Hi, Thank you for your nice implementation. I have a question about the batch size selection. It looks like the network is small enough for bigger batch size, for example 32 or 64 on a GTX 1080Ti. Batch size of 16 is a kind of regularization? Another question is related to the G/D updates. In your generated samples, are you using 1:1? Thanks.
Hi, @chapter544
- The original authors noted that selecting batch size is important, so I didn’t increase the batch size even if I could use bigger batch size. Currently I’m testing whether using larger batch size is harmful or not.
- I used 1:1.
@seungwonpark thank you for your information. I'll leave this issue a little longer so that we can confirm about the batch size selection.
Training loss curve of internal multi-speaker dataset. The batch size is 16(orange), 64(blue). I can't determine whether 64 is okay for now...
@seungwonpark Sorry but I couldn't find the note in the original paper that batch size was carefully chosen.

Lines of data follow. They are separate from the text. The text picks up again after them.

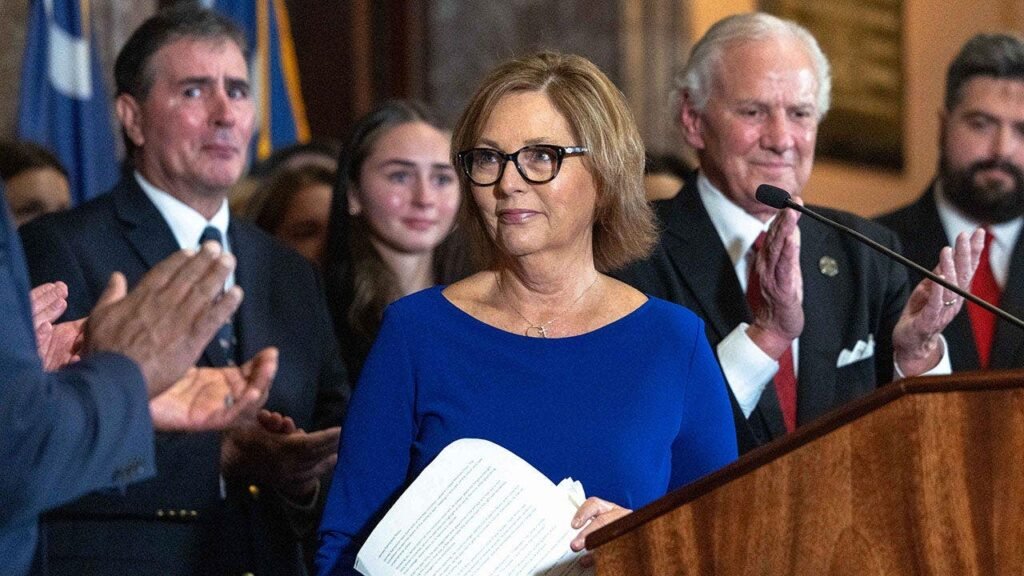Darline Graham considering running for full a Senate term as memorial services set for Lindsey Graham: report Darline Graham considering running for full a Senate term as memorial services set for Lindsey Graham: report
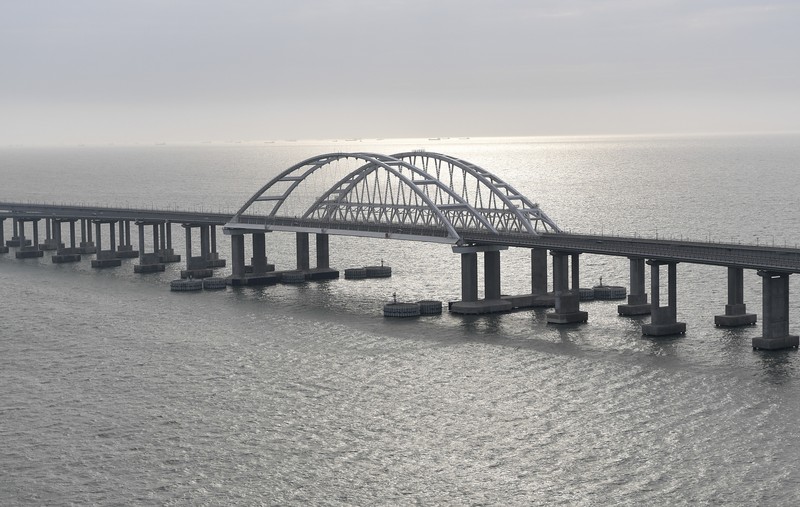 Pemandangan jembatan Crimea yang menghubungkan Rusia dan semenanjung Crimea di dekat Kerch, Crimea, Senin (23/12/2019). Jembatan Crimea merupakan yang terpanjang di Eropa dengan panjang 19 kilometer (11,8 mil), yang memakan waktu dua tahun untuk membangun dan menelan biaya $3,6 miliar. (Alexei Nikolsky/Pool Photo via AP)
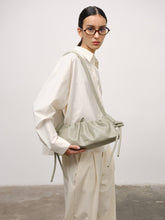 Load image into Gallery viewer, Bolso Dumpling de cuero vegano con doble asa ajustable: Salvia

Also, I've thinking that if we use multi-speaker training scheme and use larger batch, then it can include more modes in training batch so that it can helps training.(also discussed in https://arxiv.org/abs/1809.11096, but not sure because it may depends on domain)

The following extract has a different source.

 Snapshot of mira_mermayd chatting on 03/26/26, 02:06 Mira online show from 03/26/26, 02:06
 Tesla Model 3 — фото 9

@wade3han Actually it wasn't noted on the paper, but there was a TeX comment like:
%Batch size was an important hyper-parameter that required tuning to find optimal audio fidelity and faster training time. We used batch size 16 for all experiments.
You can see the LaTeX source of the original paper at: https://arxiv.org/format/1910.06711
I tried batch size: (32, 128, 256), with similar configuration of this repo,
batch 32 was better than others at 220k train step ( 32 > 128 > 256).

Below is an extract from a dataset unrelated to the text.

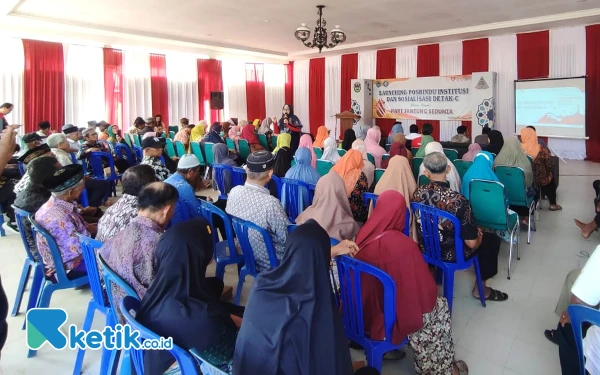 Foto Di Aula Kecamatan Punung, puluhan warga setempat menyimak sosialisasi yang diberikan oleh petugas kesehatan. (Foto: Al Ahmadi/Ketik.co.id)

I haven't tried batch size = 16
yet.
Is it obvious that mel-gan works best at batch size 16? I reminded the mention of authors and now it sounds like they realize there are trade-offs between audio fidelity and faster training time; so if we took more time to train the model with larger batch-size, maybe we can get higher audio quality.
I just experimentally found batch 16 was best with learning_rate: (discriminator: 4e-4, generator: 1e-4 gan training technique? called ttur was beneficial) if other hyper params are fixed.